Set out word for word the line that contains "Sale,For Rent,Riverdale,0,1000741 3015" and each line after it, through the end of the data below, but exclude the pictures.

-- Dataset content follows --

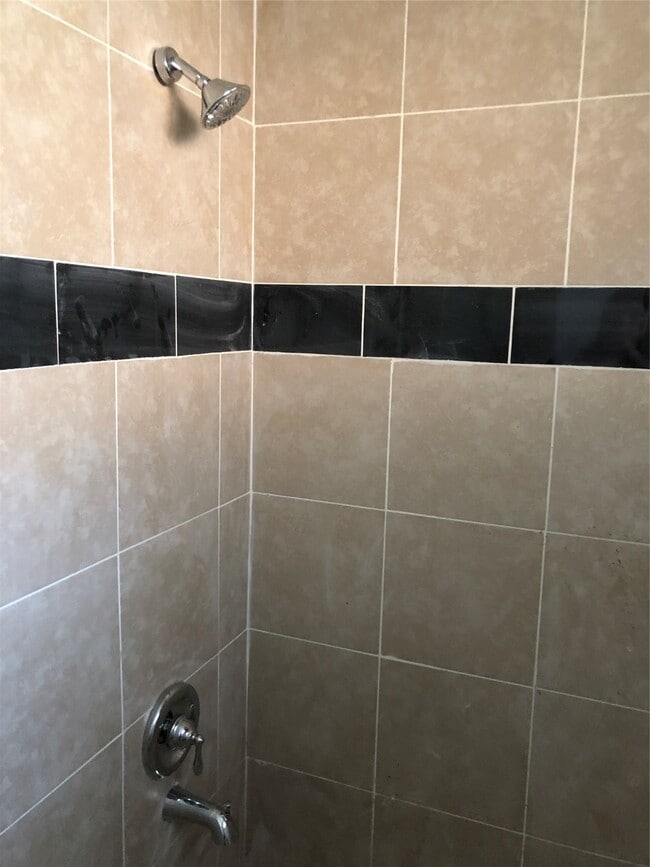 Building Photo - 11103 Sharpview Dr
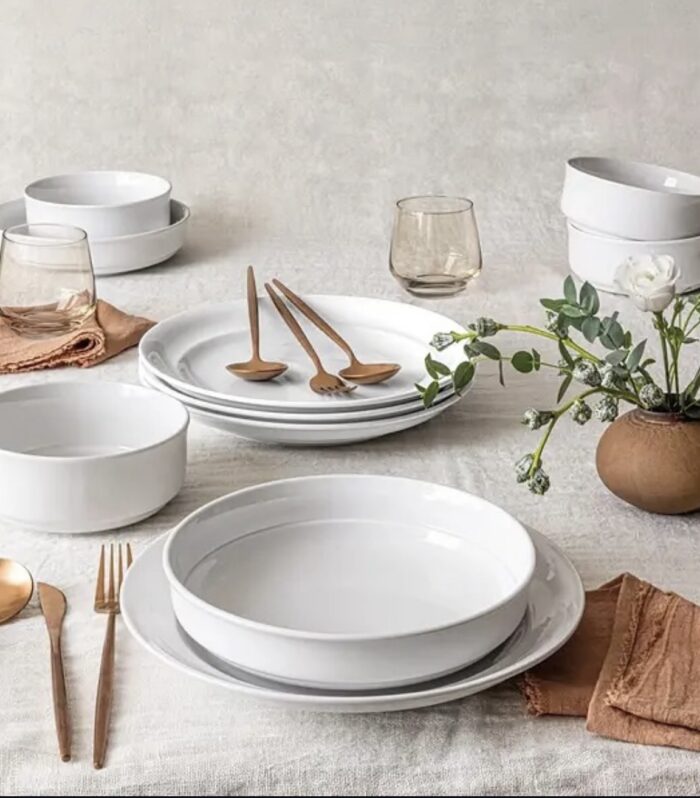 Over and back 12pc Rimmed Dinnerware Set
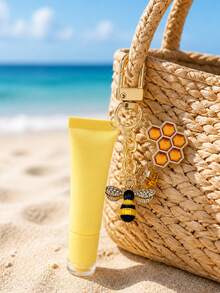 Lindo llavero de tubo de brillo labial con abeja y panal de strass, colgante de abeja de esmalte amarillo dulce para bolso, llavero de coche de moda, accesorio de bolso exquisito, fácil de usar, regalo perfecto para niñas y mujeres, recuerdo de boda práctico y elegante, regalo de fiesta, regalo de cumpleaños, regalo del Día del Maestro, regalo de vuelta a la escuela, artículo práctico esencial para el desplazamiento diario, la escuela y los viajes - Multicolor - Ver 2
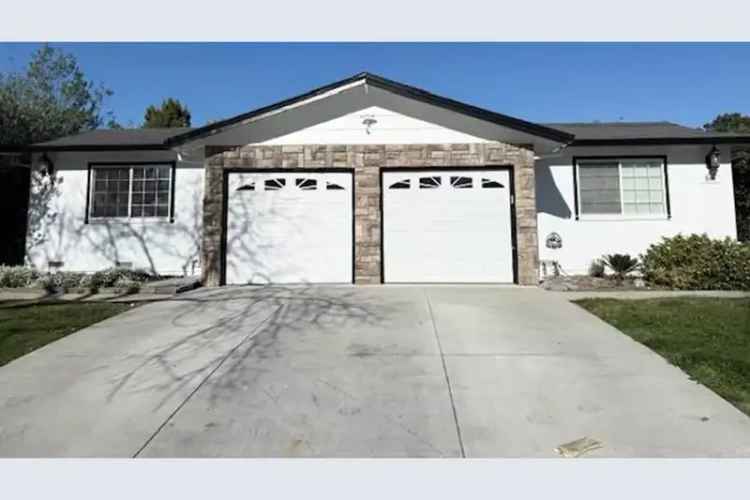 Duplex buy opportunity in Los Gatos with modern features and spacious lot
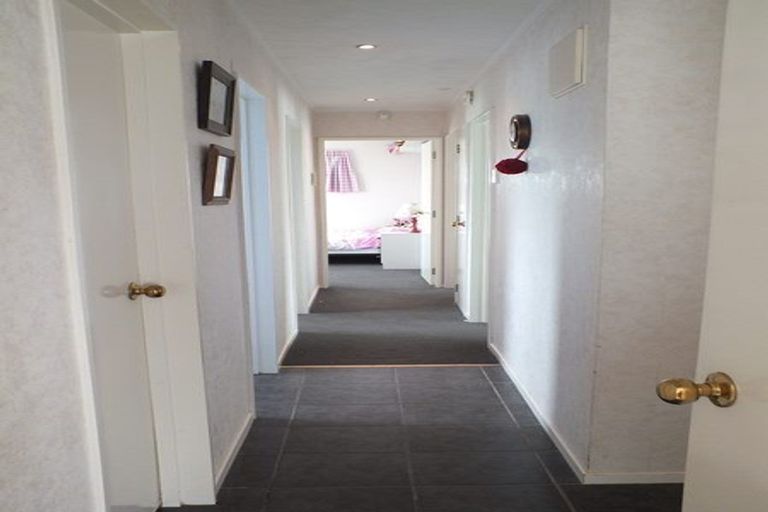 Photo of property in 87 Hillcrest Drive, Kelvin Grove, Palmerston North, 4414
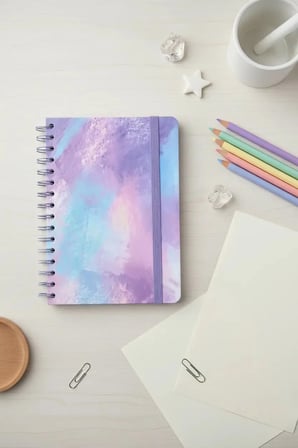Miniso Lisanslı Pastel Serisi A6 Tel Ciltli Lastikli Defter 80 Sayfa – Mor
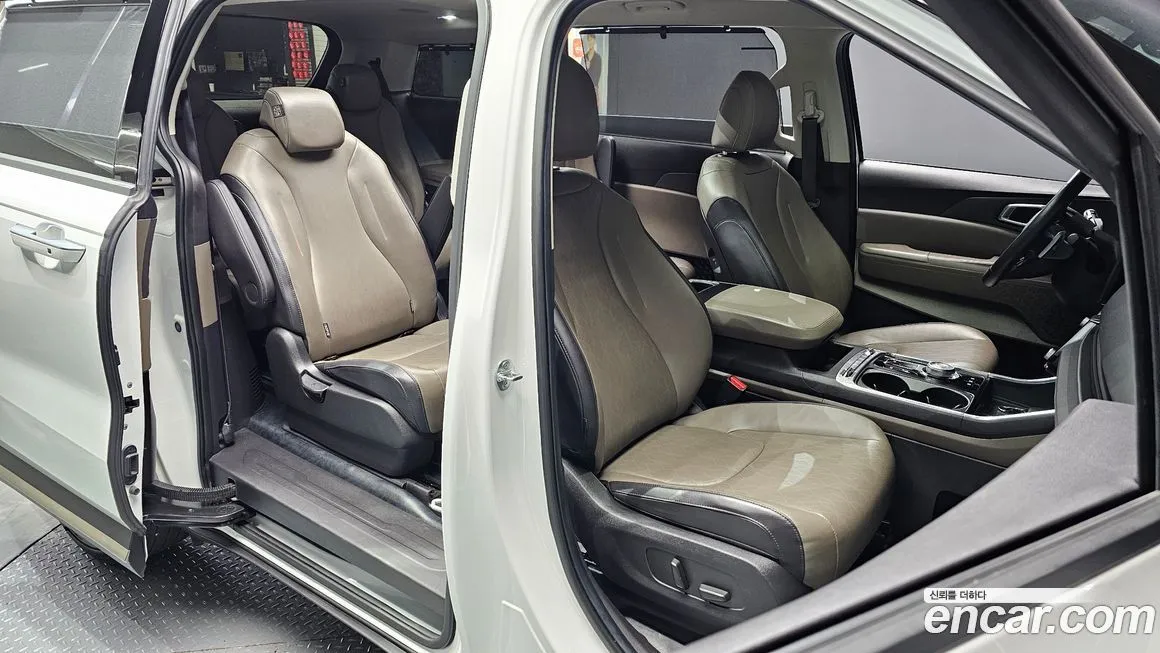 Kia Carnival — фото 10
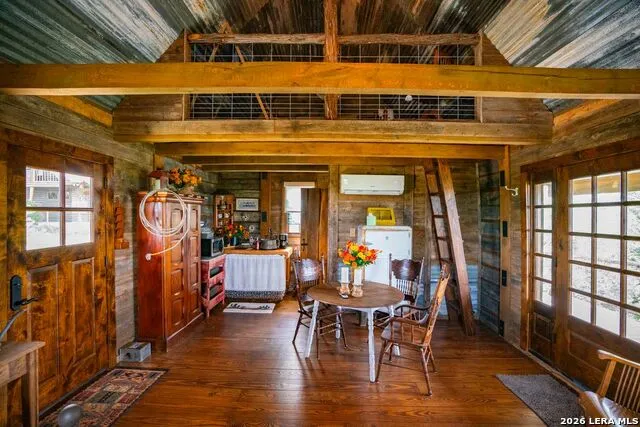 1457 Private Road 3426 Barksdale, TX 78828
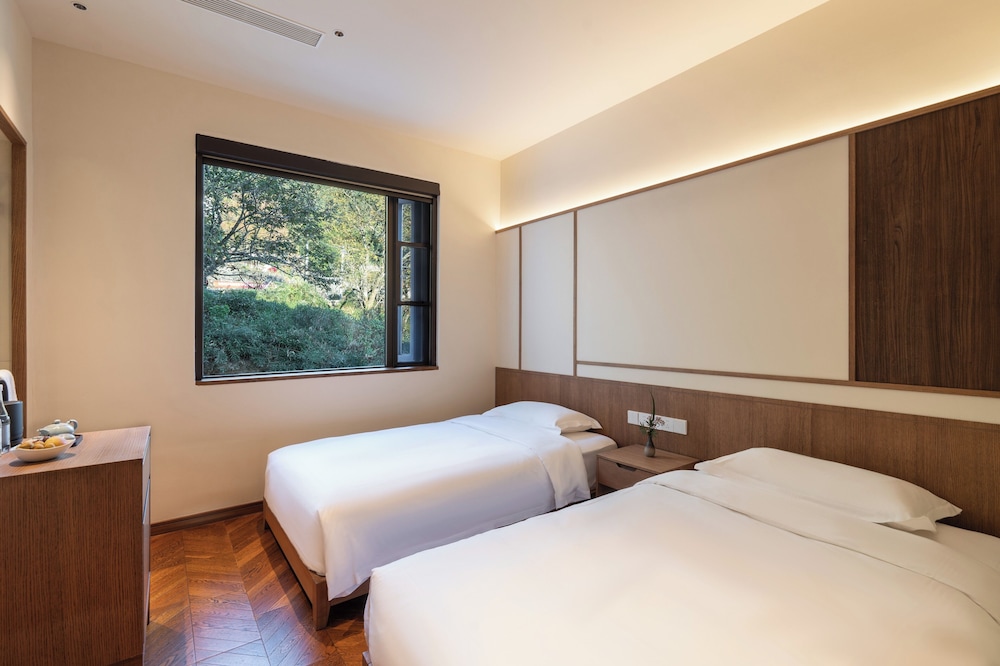 Twin Room, Hill View photo 3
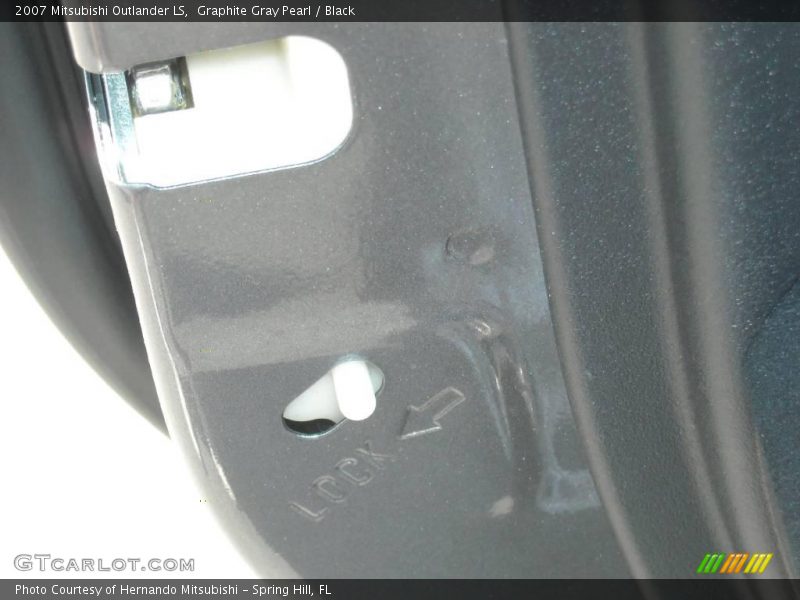 Graphite Gray Pearl / Black 2007 Mitsubishi Outlander LS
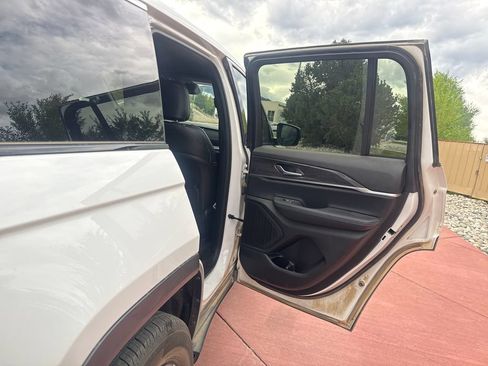 Used 2025 Jeep Grand Cherokee Limited w/ Trailer Tow Package AWD/4WD image 21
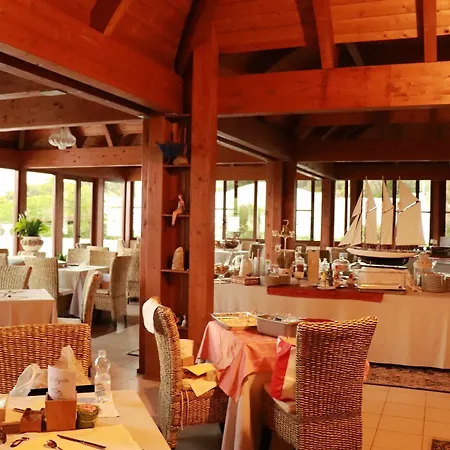 酒店 Boutique Il Castellino Relais 4*
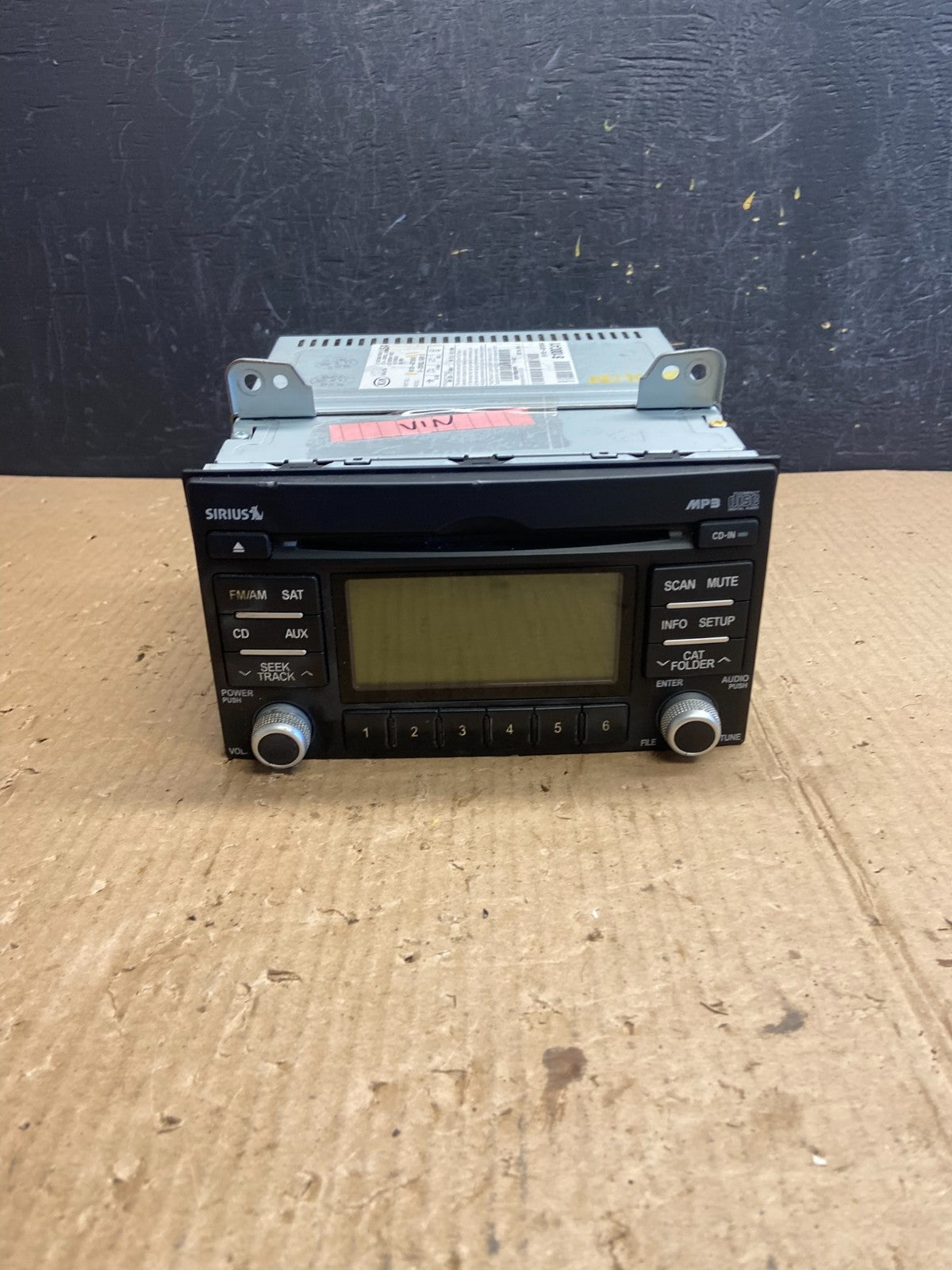 2009 - 2011 Kia Sedona Entourage Radio Stereo Receiver AM FM CD Player AE4058 DG0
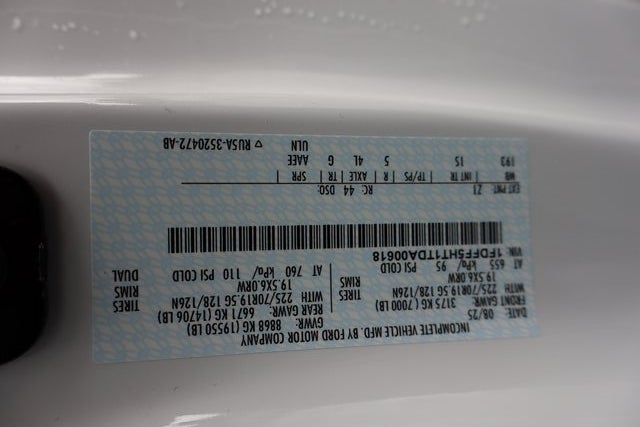 2026 Ford F-550SD XL DRW w/14' Knapheide Platform Body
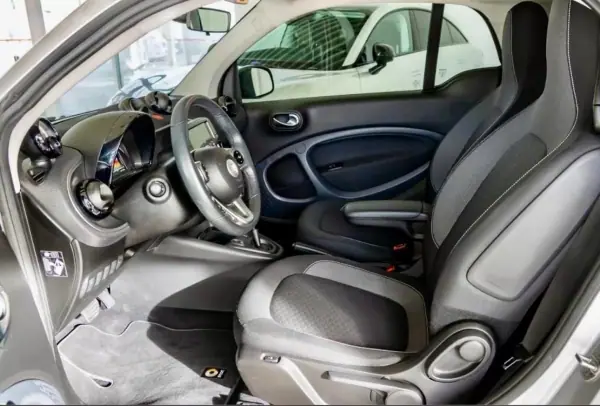 Smart ForTwo Coupé 2021 - 14145 EUR, 28400 km - AUTO.MOTO.pt - 28400km - foto 14 de 15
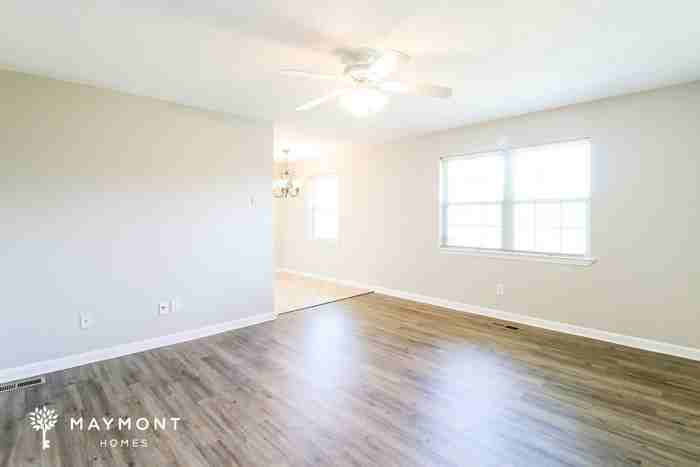437 7th Ave - Photo 6 of 15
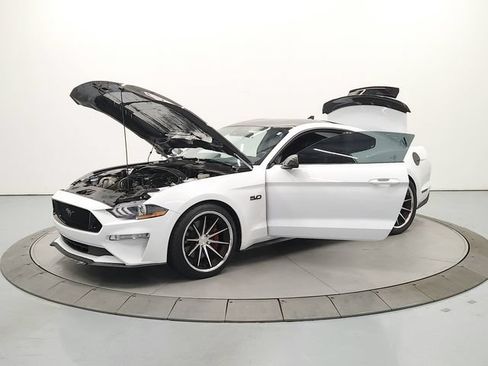 Used 2021 Ford Mustang GT Premium RWD image 12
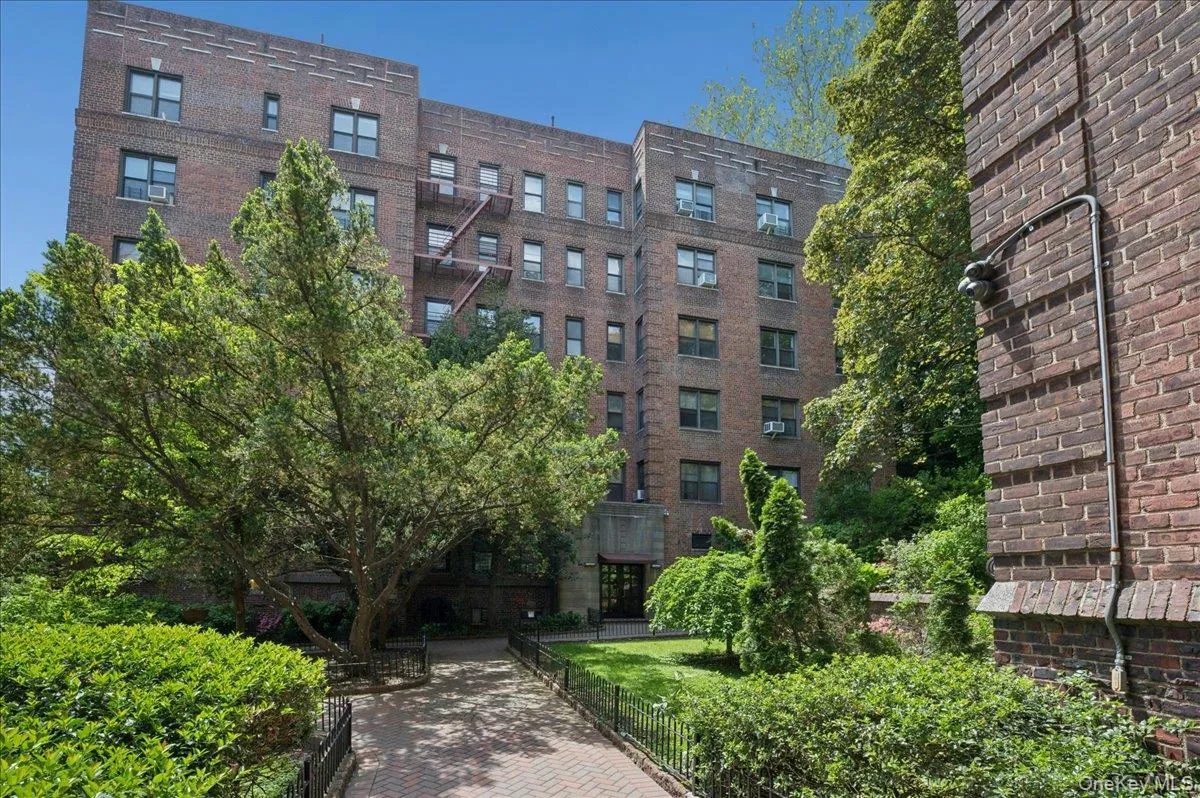 3015 Riverdale Avenue, New York, NY, 1 Bedroom Bedrooms, 3 Rooms Rooms,1 BathroomBathrooms,Residential Sale,For Rent,Riverdale,0,1000741 3015 Riverdale Avenue, New York, NY, 1 Bedroom Bedrooms, 3 Rooms Rooms,1 BathroomBathrooms,Residential Sale,For Rent,Riverdale,0,1000741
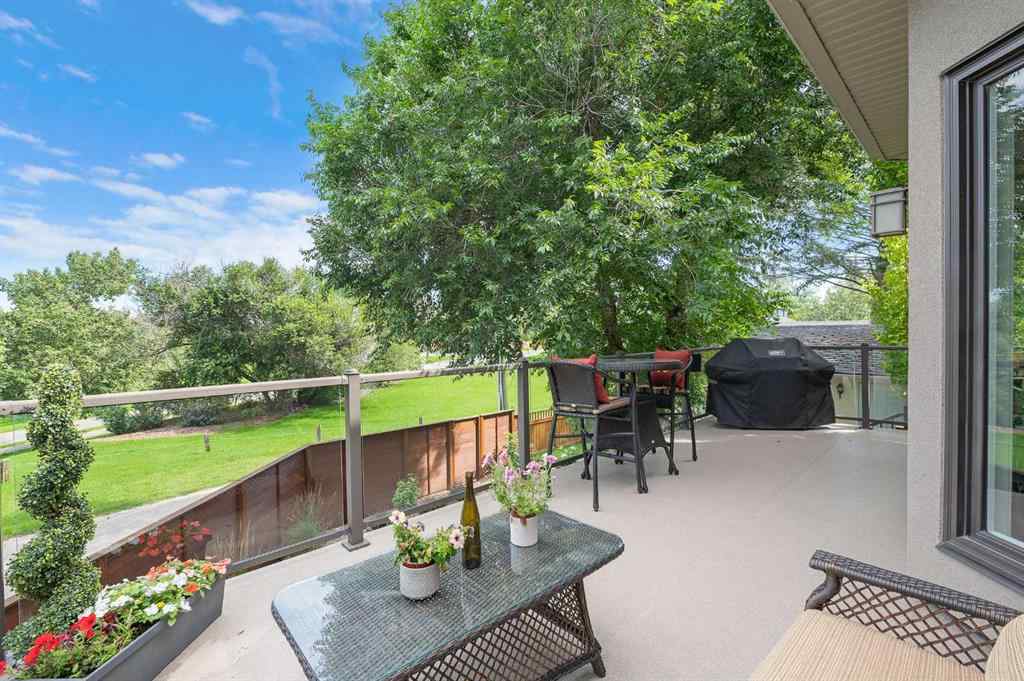 MLS® A2247079 - 664 29 Avenue NW in Mount Pleasant Calgary, Residential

-- Dataset content concluded --

▶ [Exercise answer]:
 3015 Riverdale Avenue, New York, NY, 1 Bedroom Bedrooms, 3 Rooms Rooms,1 BathroomBathrooms,Residential Sale,For Rent,Riverdale,0,1000741 3015 Riverdale Avenue, New York, NY, 1 Bedroom Bedrooms, 3 Rooms Rooms,1 BathroomBathrooms,Residential Sale,For Rent,Riverdale,0,1000741
 MLS® A2247079 - 664 29 Avenue NW in Mount Pleasant Calgary, Residential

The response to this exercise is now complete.